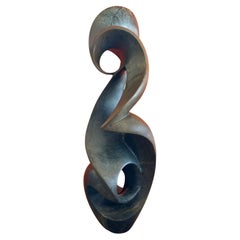 Abstract Marble Sculpture by James Phiri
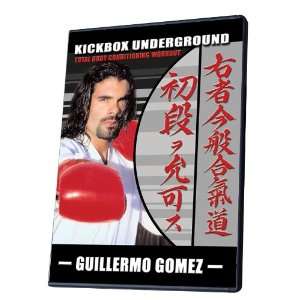  Kickbox Underground Sensei Guillermo Gomez Movies & TV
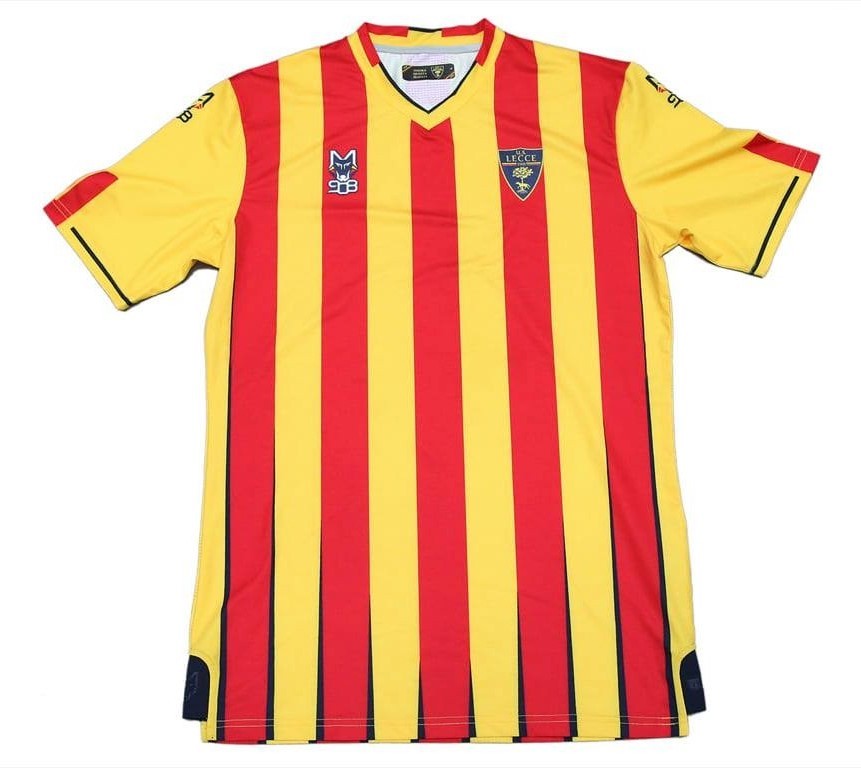 US Lecce 2021-22 Home Kit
════
Output all of the data above exactly; no pictures should appear.

#### Solved exercise:
 Abstract Marble Sculpture by James Phiri
  Kickbox Underground Sensei Guillermo Gomez Movies & TV
 US Lecce 2021-22 Home Kit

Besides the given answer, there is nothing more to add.